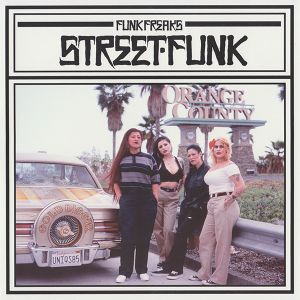 Street-Funk, Volume Two (Single)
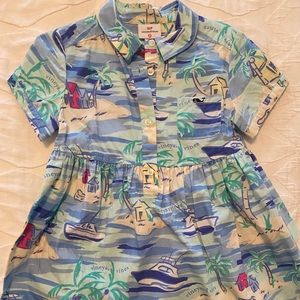 Lilly Pulitzer by Target dress. 4t.
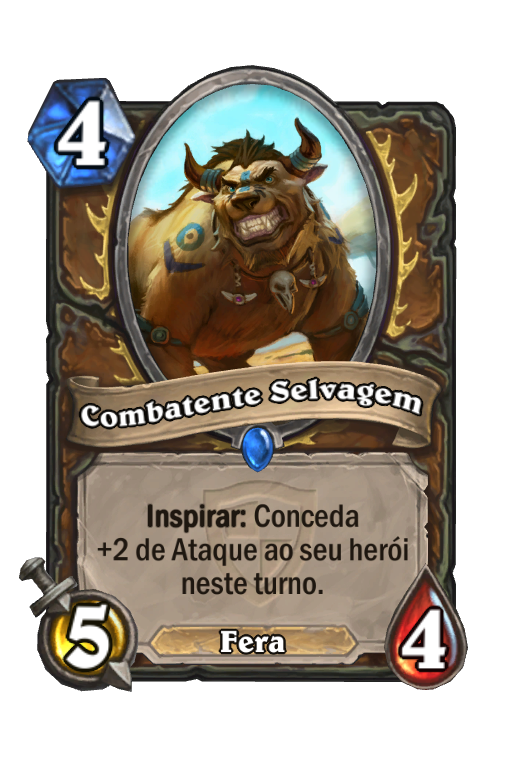 Combatente Selvagem
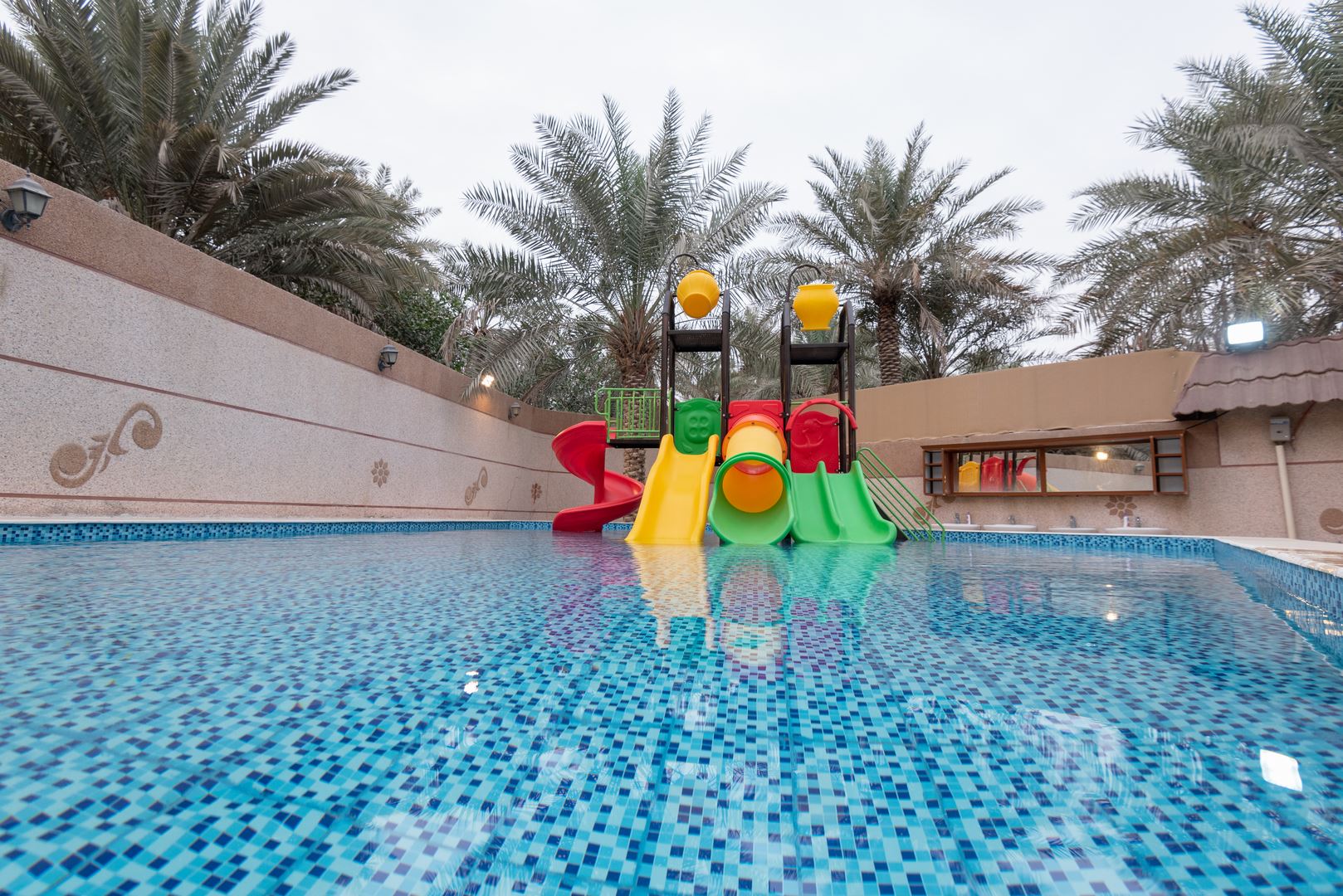 منتجع وقاعة دانة فاطمة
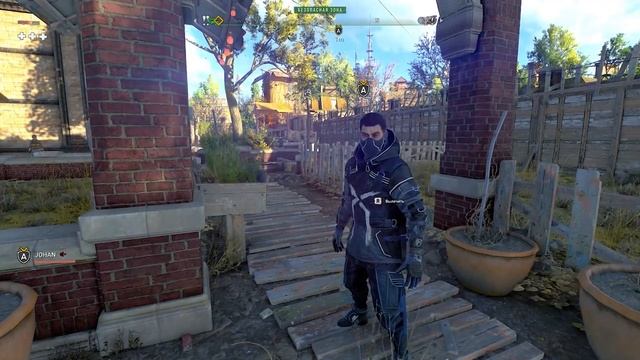 Очень быстрый тип _ Dying Light 2 (Coop) смотреть онлайн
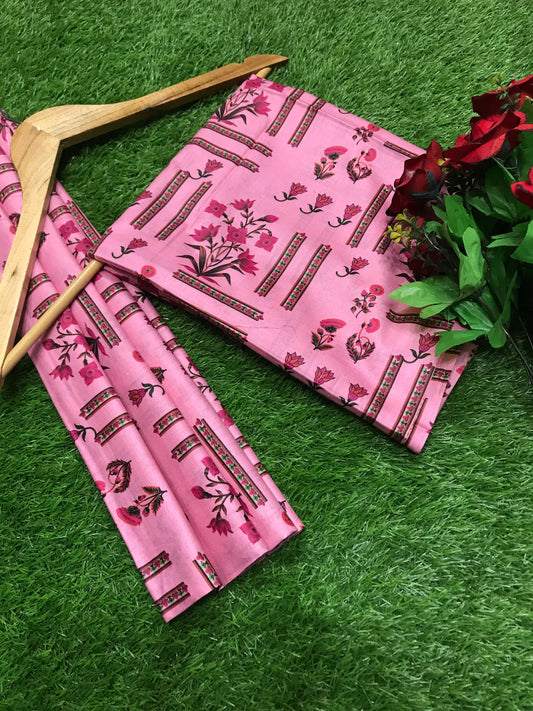 Lawn 2pc printed Allover 2025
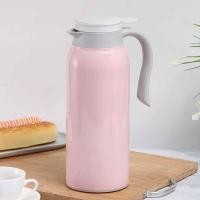 ราคา เหยือกน้ำสุญญากาศ ขนาด 1 5 ลิตร กระติกน้ำ สุญญากาศ กระติกน้ำเก็บความร้อน 1 5L Insulation Thermal Bottle Insulation Pot 316 Stainless Steel Thermos 1 5L Vacuum Pot Stainless Steel (16180494290)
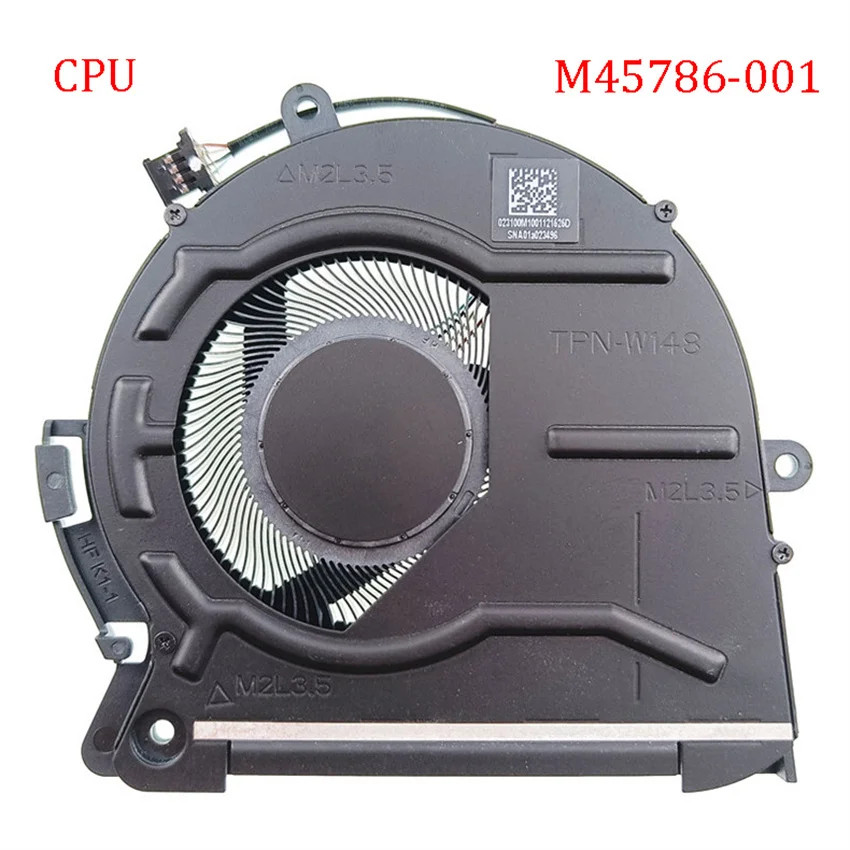 Ventilateur De Refroidissement Du CPU Pour HP Envy 15-cn 15m-cn 15-cp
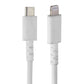 Anker (6-Foot) USB-C to 8-Pin MFi Cable for iPhone/iPad/iPod - White Cell Phone - Cables & Adapters Anker    - Simple Cell Bulk Wholesale Pricing - USA Seller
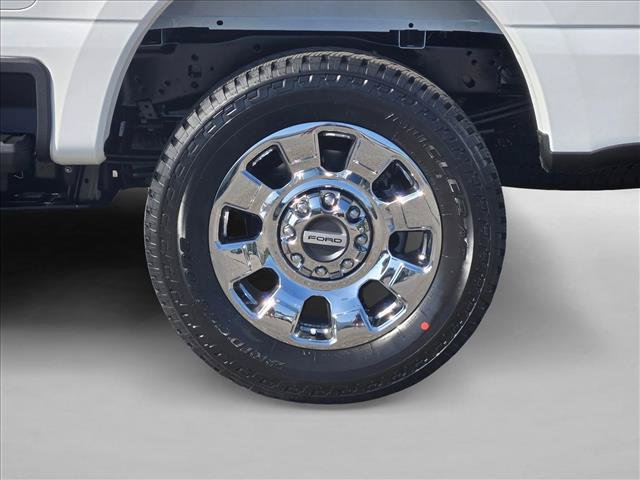 New 2026 Ford F250 Lariat w/ Lariat Premium Package AWD/4WD image 9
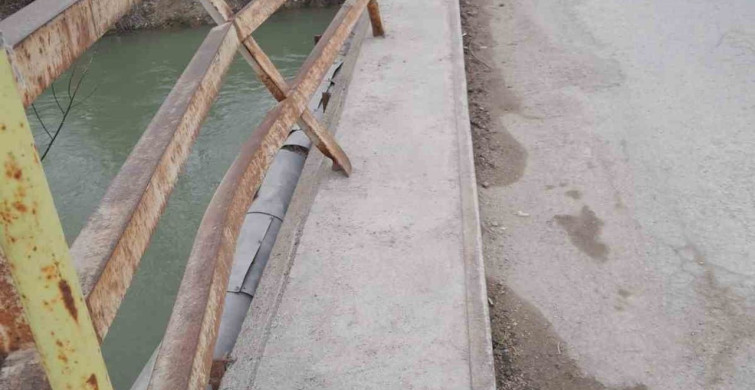 Bayburt Kent Konseyi'nden Kaleardı Köprüsü İçin Yenileme Çağrısı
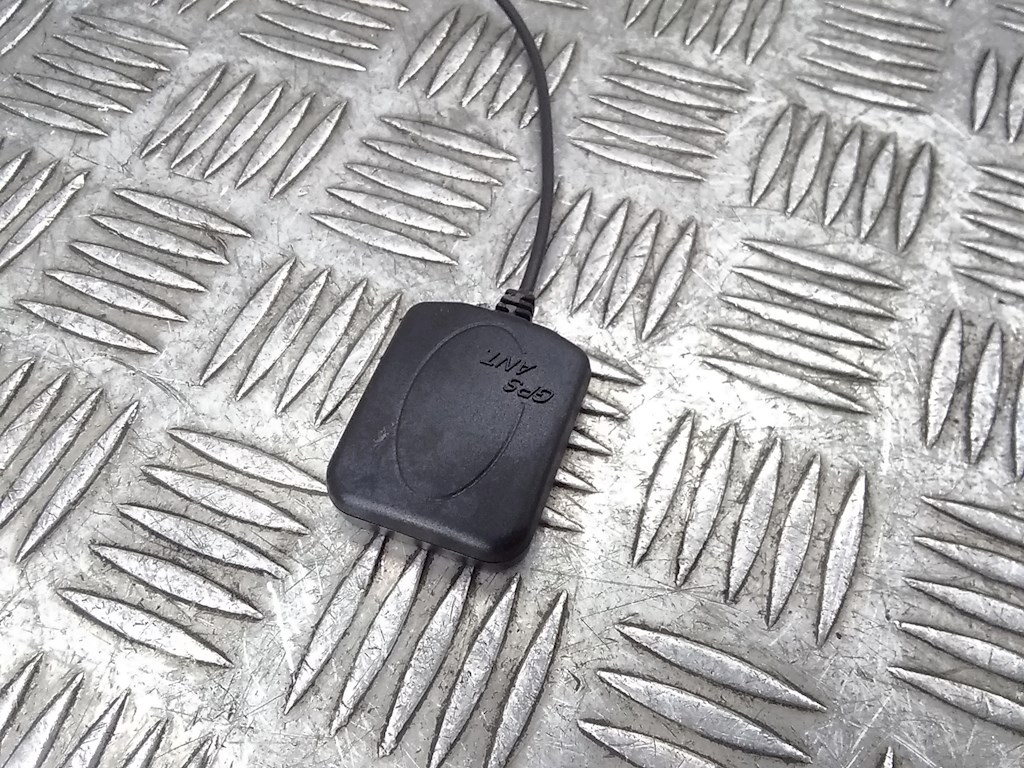 Блок навигации (навигационный) BMW X5 E53 1999-2006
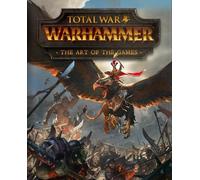Total War: Warhammer: The Art of the Games – Titan Books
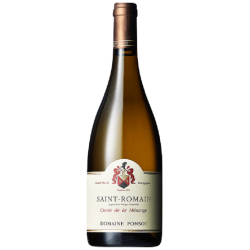 Ponsot Cuvee De La Mesange 2020 St-Romain Blc 75cl Crd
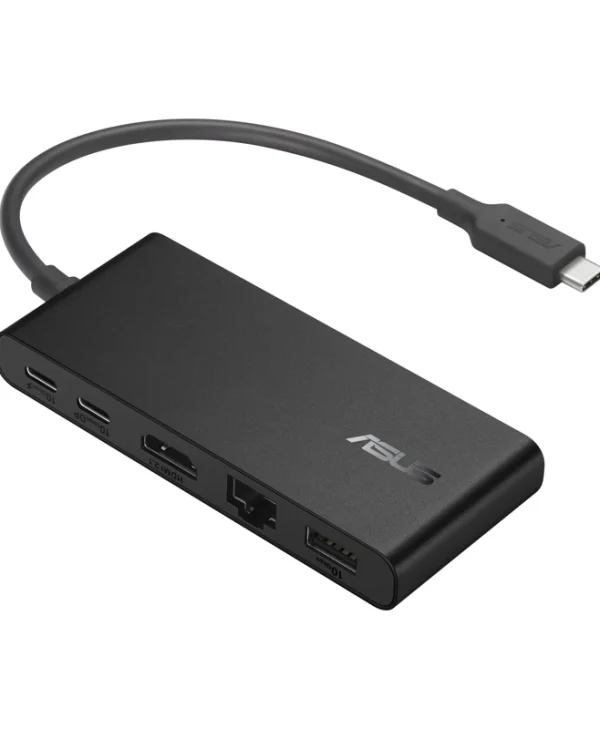 Asus DC201 Dual 4K Docking Station PD 100W Black 90XB094N-BDS000
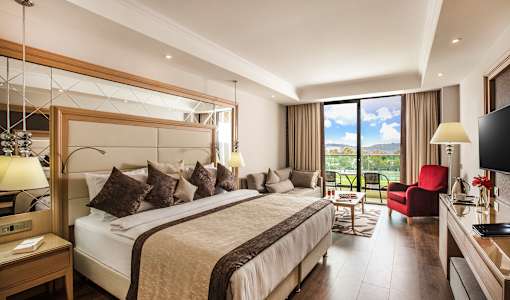 Korumar Ephesus Beach & Spa Resort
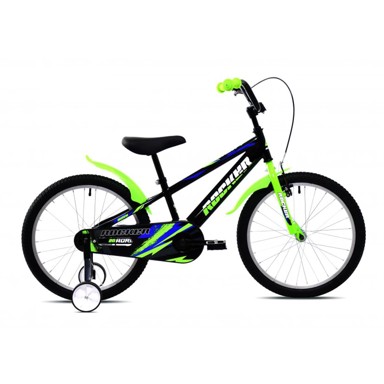 ROCKER Dječji bicikl, 20", plavi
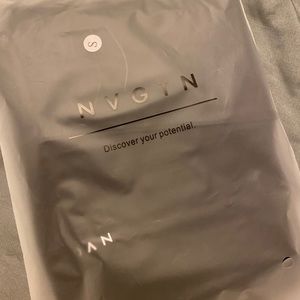 NVGTN NWT Signature Black Leggings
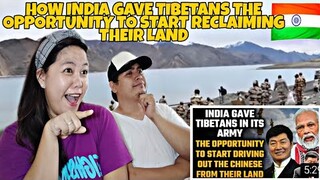 How India Gave Tibetans The Opportunity To Start Reclaiming Their Land | Filipino Couple Reaction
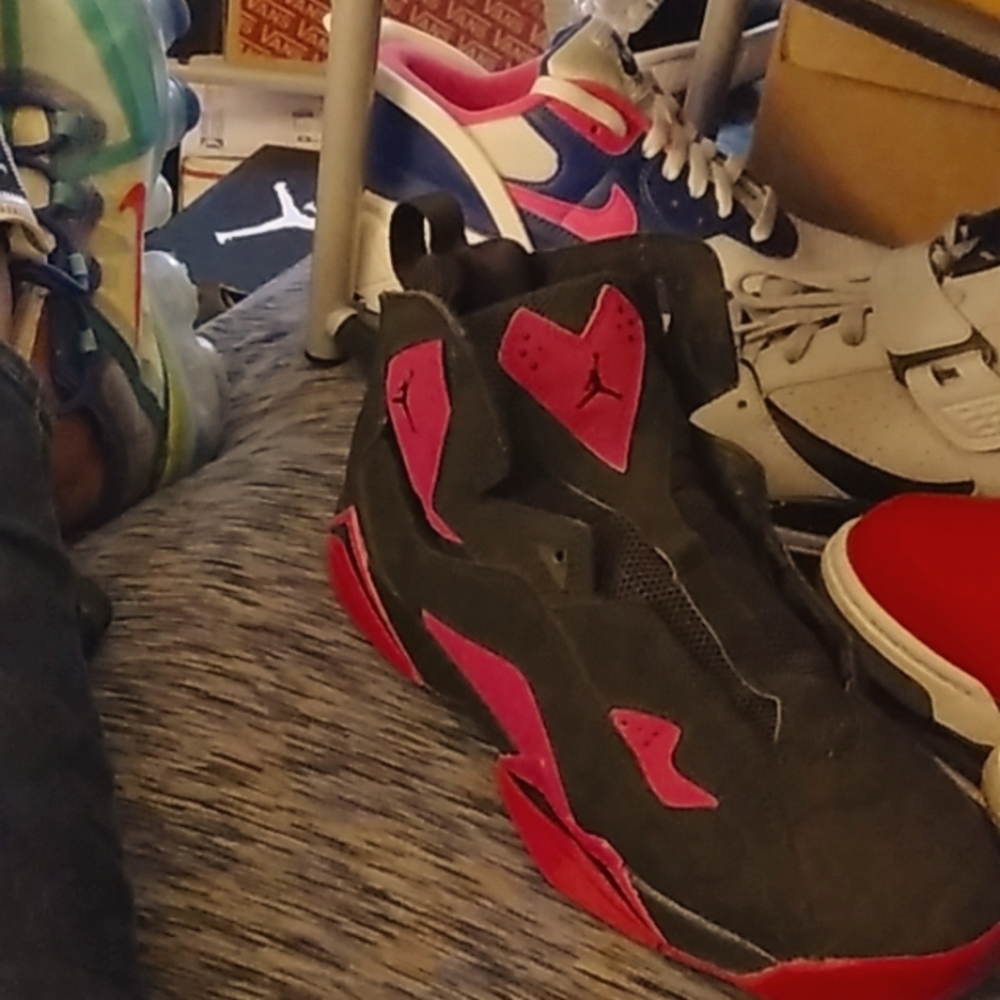 Air Jordan True Flight GS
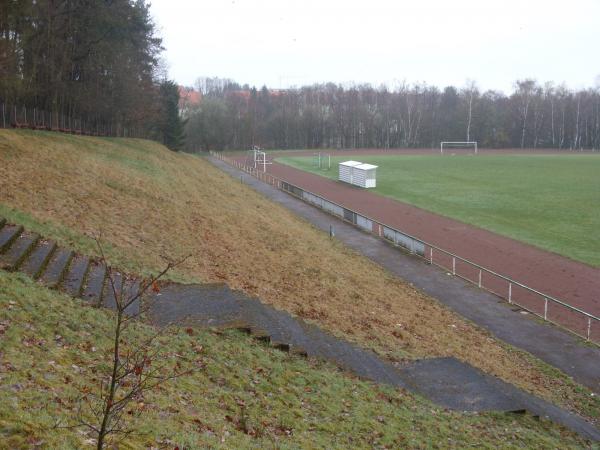 Waldstadion - Neustadt/Hessen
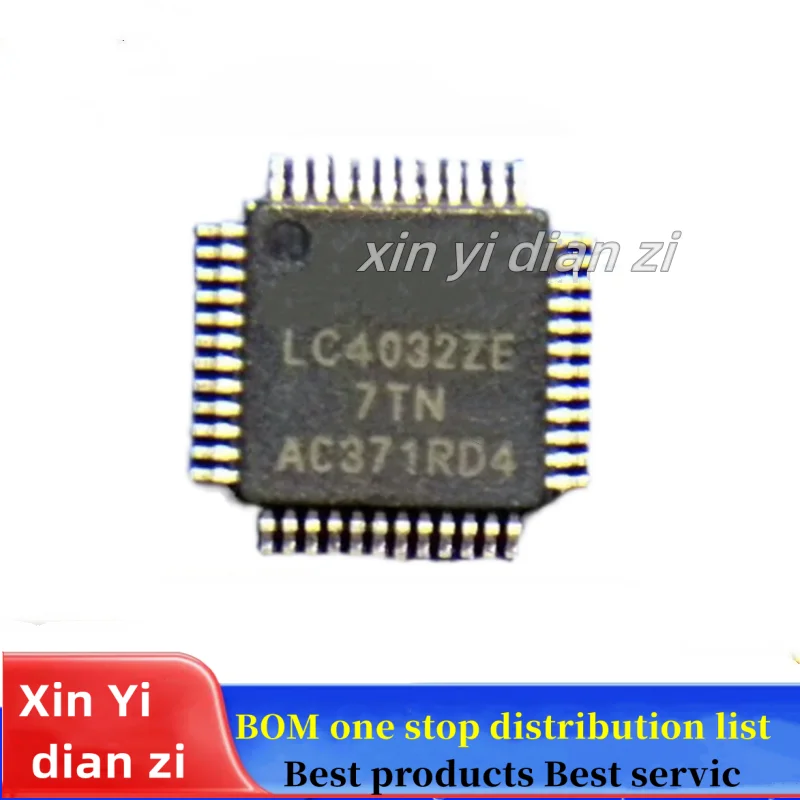 

1pcs/lot LC4032ZE QFP ic chips in stock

-.-.-

Assigned task.
Leave the pictures out and reproduce every record above exactly.

Task solution.
 Street-Funk, Volume Two (Single)
 Lilly Pulitzer by Target dress. 4t.
 Combatente Selvagem
 منتجع وقاعة دانة فاطمة
 Очень быстрый тип _ Dying Light 2 (Coop) смотреть онлайн
 Lawn 2pc printed Allover 2025
 ราคา เหยือกน้ำสุญญากาศ ขนาด 1 5 ลิตร กระติกน้ำ สุญญากาศ กระติกน้ำเก็บความร้อน 1 5L Insulation Thermal Bottle Insulation Pot 316 Stainless Steel Thermos 1 5L Vacuum Pot Stainless Steel (16180494290)
 Ventilateur De Refroidissement Du CPU Pour HP Envy 15-cn 15m-cn 15-cp
 Anker (6-Foot) USB-C to 8-Pin MFi Cable for iPhone/iPad/iPod - White Cell Phone - Cables & Adapters Anker    - Simple Cell Bulk Wholesale Pricing - USA Seller
 New 2026 Ford F250 Lariat w/ Lariat Premium Package AWD/4WD image 9
 Bayburt Kent Konseyi'nden Kaleardı Köprüsü İçin Yenileme Çağrısı
 Блок навигации (навигационный) BMW X5 E53 1999-2006
Total War: Warhammer: The Art of the Games – Titan Books
 Ponsot Cuvee De La Mesange 2020 St-Romain Blc 75cl Crd
 Asus DC201 Dual 4K Docking Station PD 100W Black 90XB094N-BDS000
 Korumar Ephesus Beach & Spa Resort
 ROCKER Dječji bicikl, 20", plavi
 NVGTN NWT Signature Black Leggings
 How India Gave Tibetans The Opportunity To Start Reclaiming Their Land | Filipino Couple Reaction
 Air Jordan True Flight GS
 Waldstadion - Neustadt/Hessen

1pcs/lot LC4032ZE QFP ic chips in stock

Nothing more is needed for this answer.